━━━━━ ENTRIES SUPPLIED ━━━━━
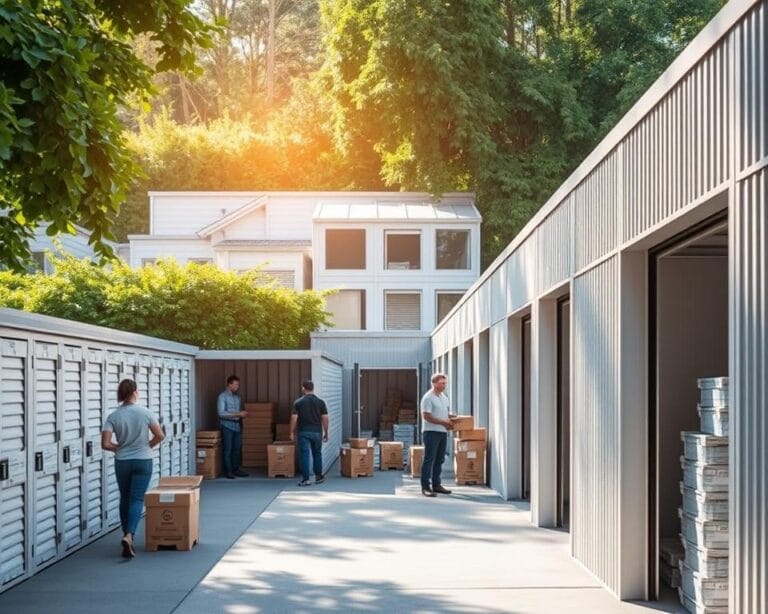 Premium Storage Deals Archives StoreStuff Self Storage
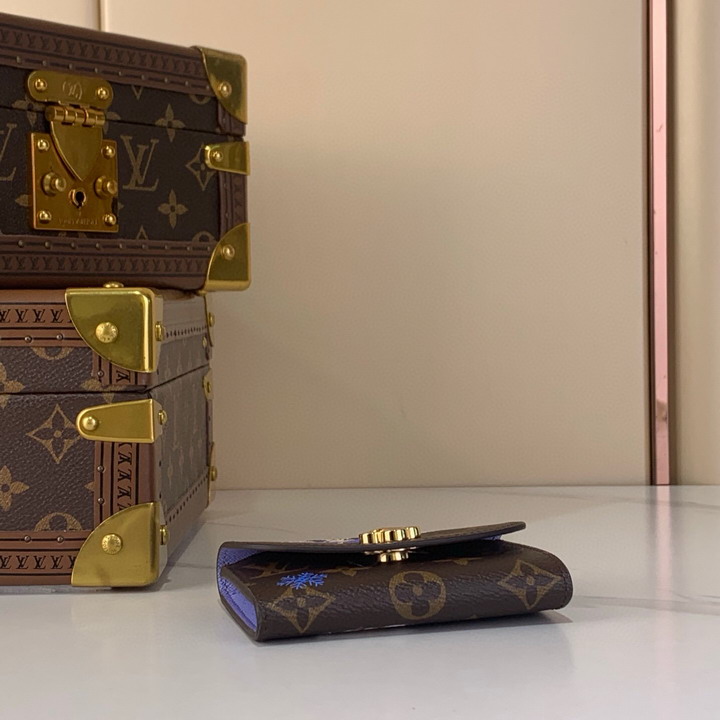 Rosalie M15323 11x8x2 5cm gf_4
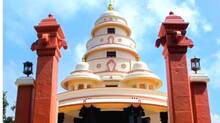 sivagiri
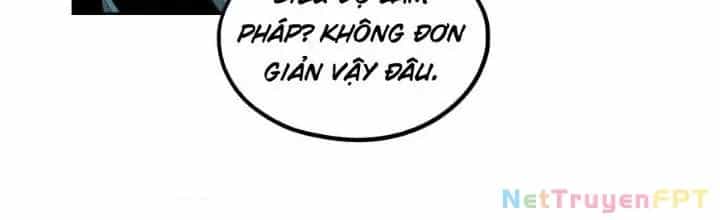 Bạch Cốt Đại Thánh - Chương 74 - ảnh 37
━━━━━
━━━━━ ENTRIES SUPPLIED ━━━━━
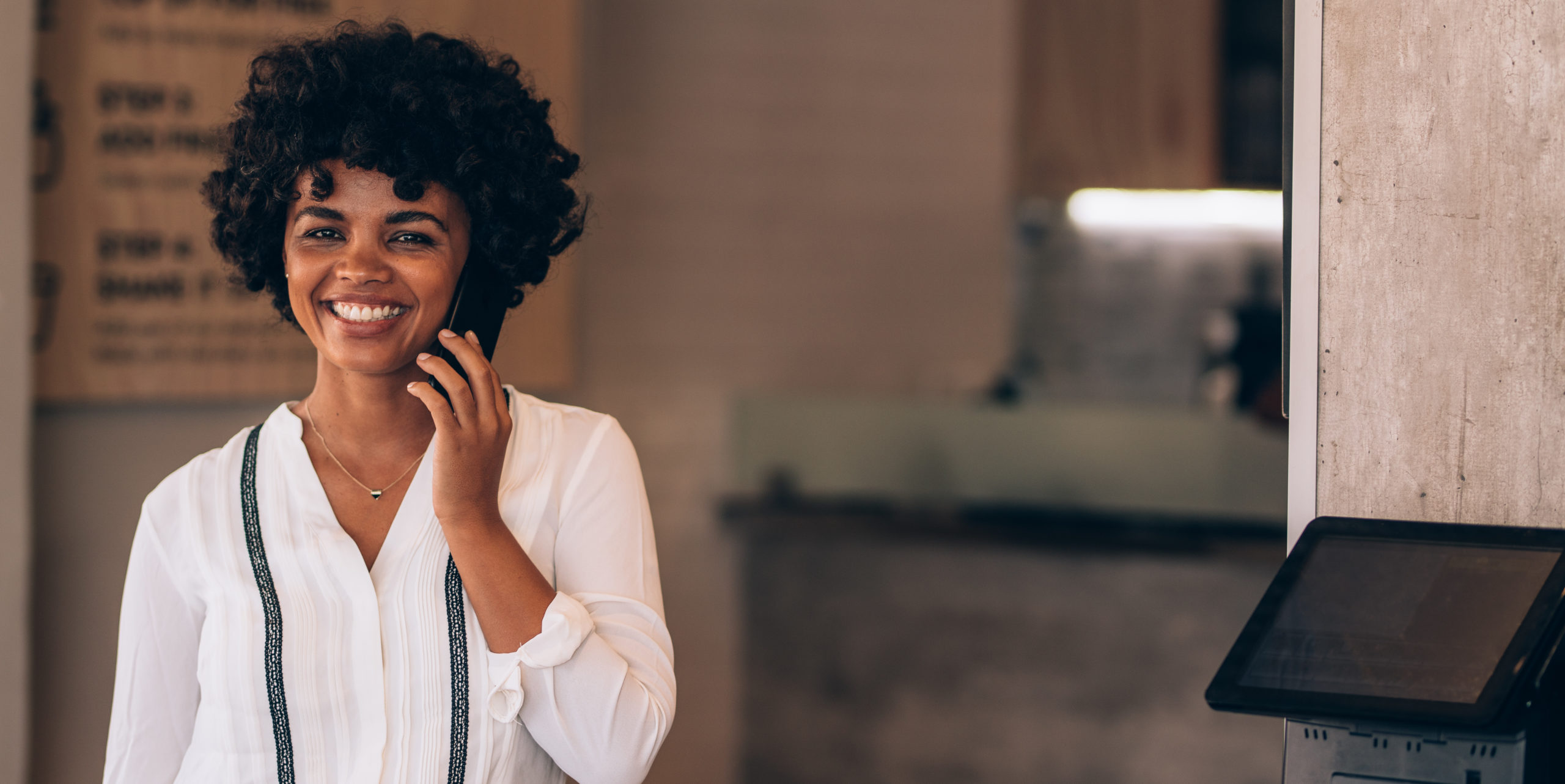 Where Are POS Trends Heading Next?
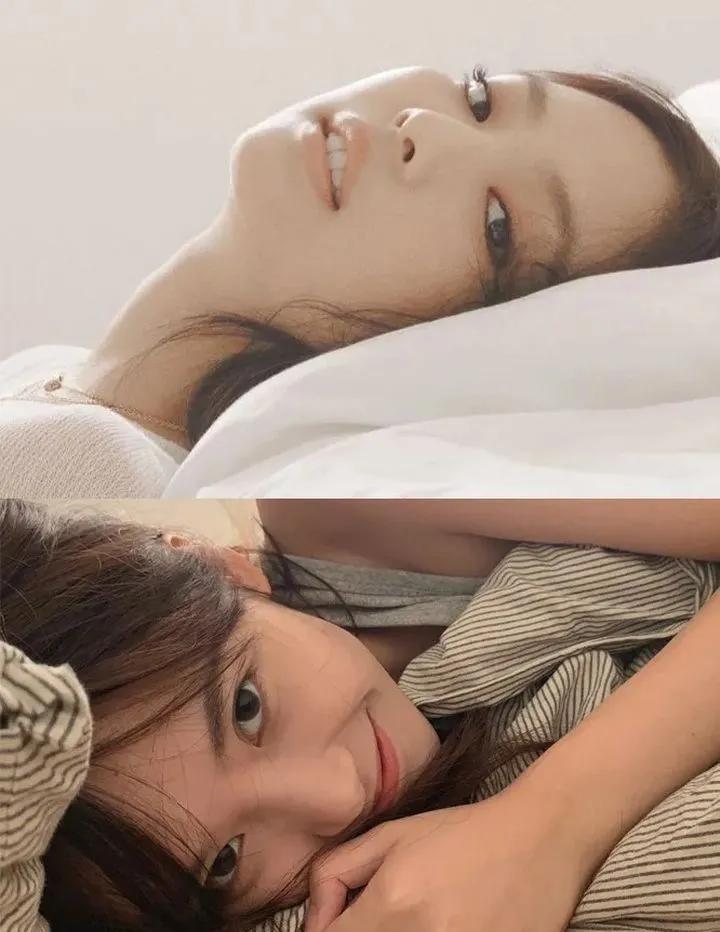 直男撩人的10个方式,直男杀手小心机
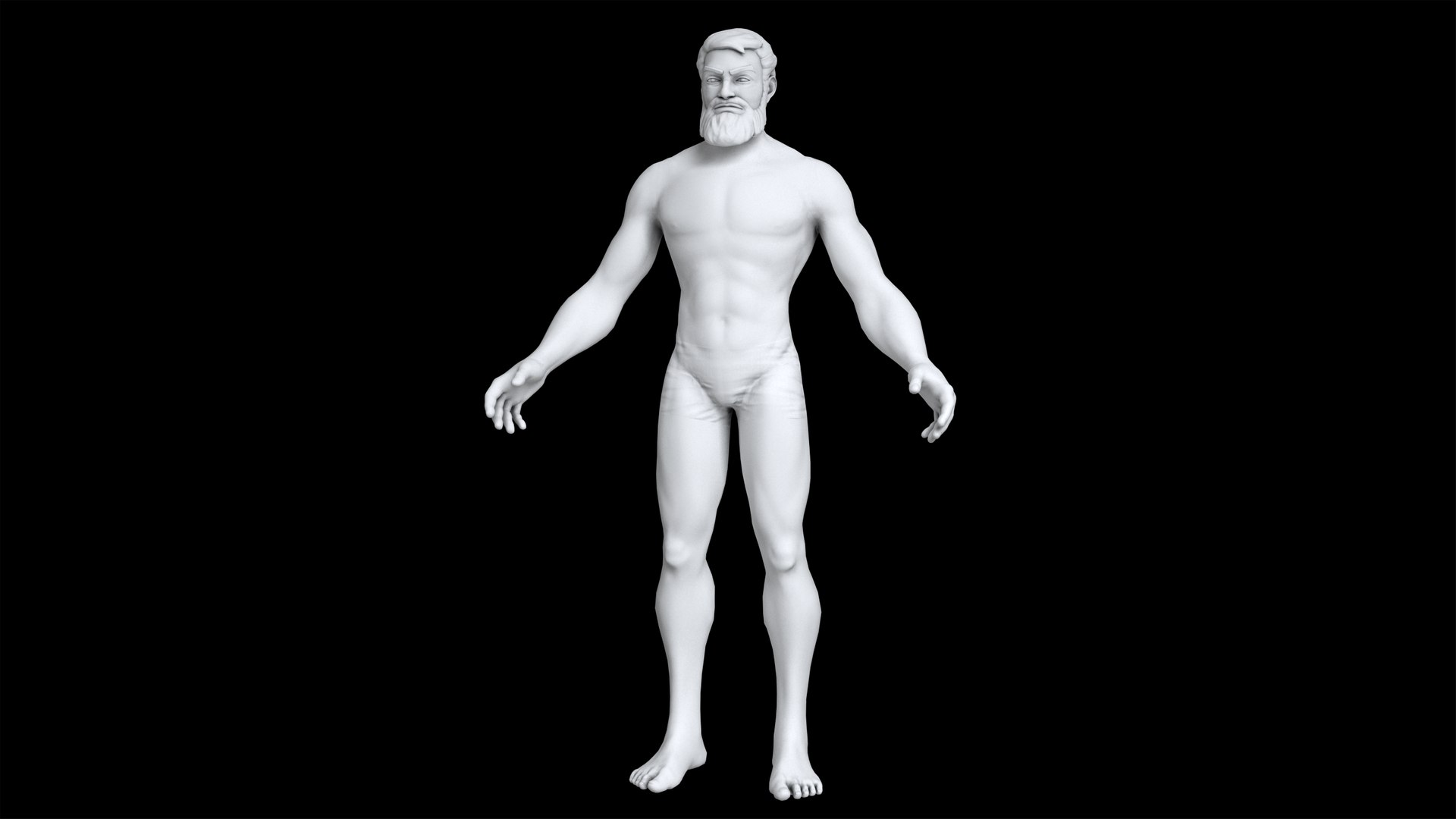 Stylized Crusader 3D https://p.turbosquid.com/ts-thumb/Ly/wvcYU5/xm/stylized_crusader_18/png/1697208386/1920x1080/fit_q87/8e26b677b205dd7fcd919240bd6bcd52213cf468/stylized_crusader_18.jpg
━━━━━
━━━━━ ENTRIES SUPPLIED ━━━━━
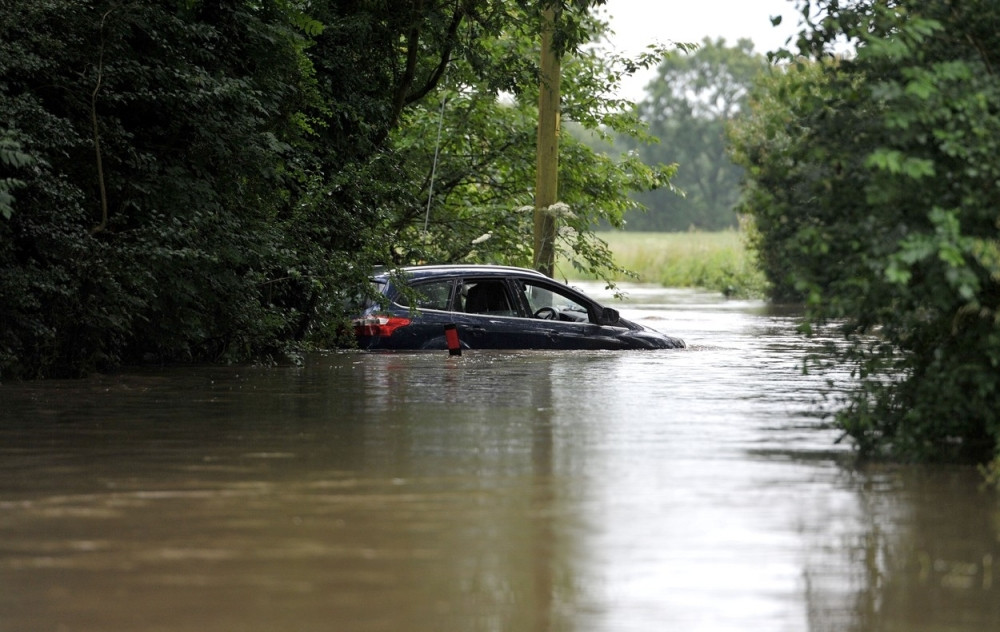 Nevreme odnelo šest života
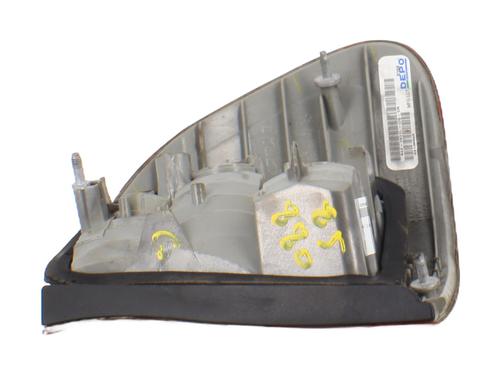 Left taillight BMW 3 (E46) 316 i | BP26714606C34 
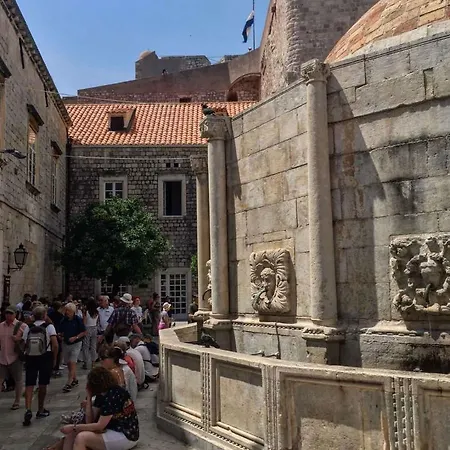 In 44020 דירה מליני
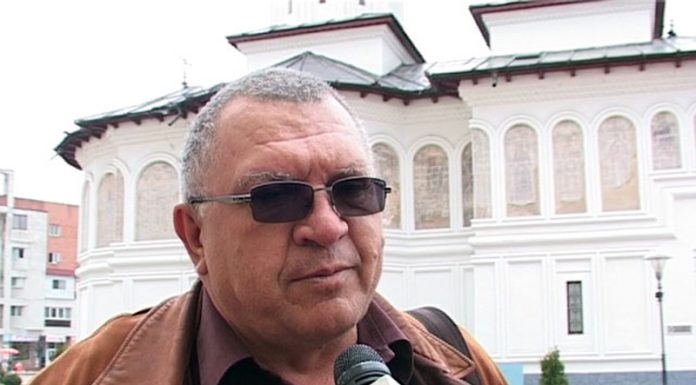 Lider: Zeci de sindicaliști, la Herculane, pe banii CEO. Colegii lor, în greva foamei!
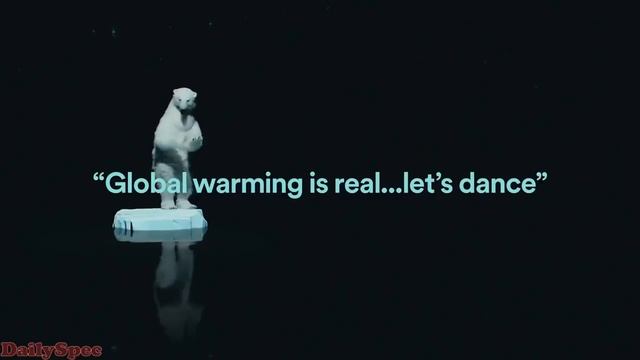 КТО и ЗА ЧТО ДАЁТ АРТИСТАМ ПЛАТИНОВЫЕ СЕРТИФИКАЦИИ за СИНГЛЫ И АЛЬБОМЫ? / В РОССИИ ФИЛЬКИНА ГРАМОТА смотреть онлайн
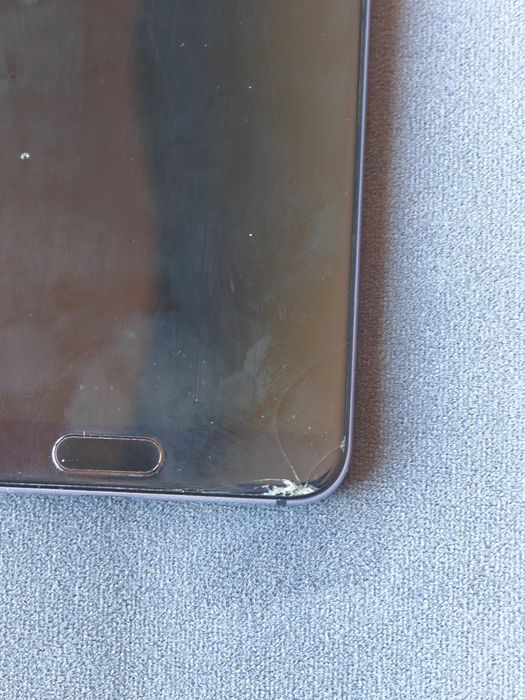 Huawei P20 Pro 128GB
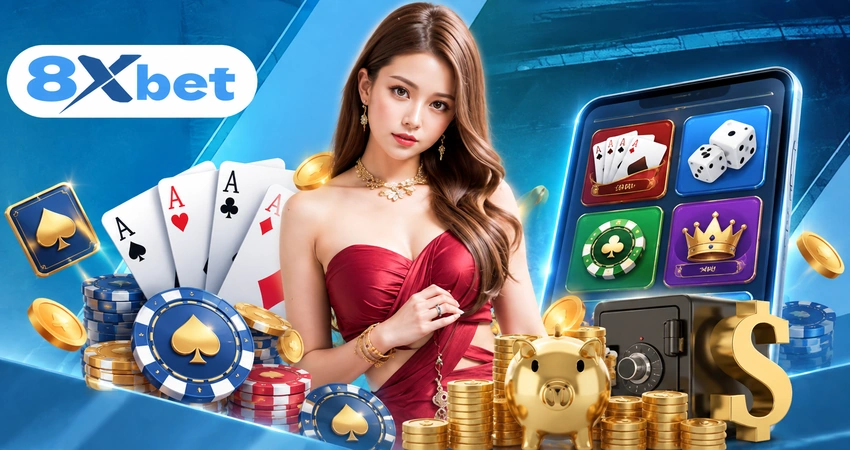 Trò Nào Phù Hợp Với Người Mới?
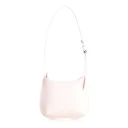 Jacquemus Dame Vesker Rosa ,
━━━━━
Copy nothing but the lines above from the one with "Premium Storage Deals" to the one with "Bạch Cốt Đại Thánh - Chương 74 - ảnh 37", inclusive, word for word. Leave every picture out.

EXERCISE OUTPUT:
 Premium Storage Deals Archives StoreStuff Self Storage
 Rosalie M15323 11x8x2 5cm gf_4
 sivagiri
 Bạch Cốt Đại Thánh - Chương 74 - ảnh 37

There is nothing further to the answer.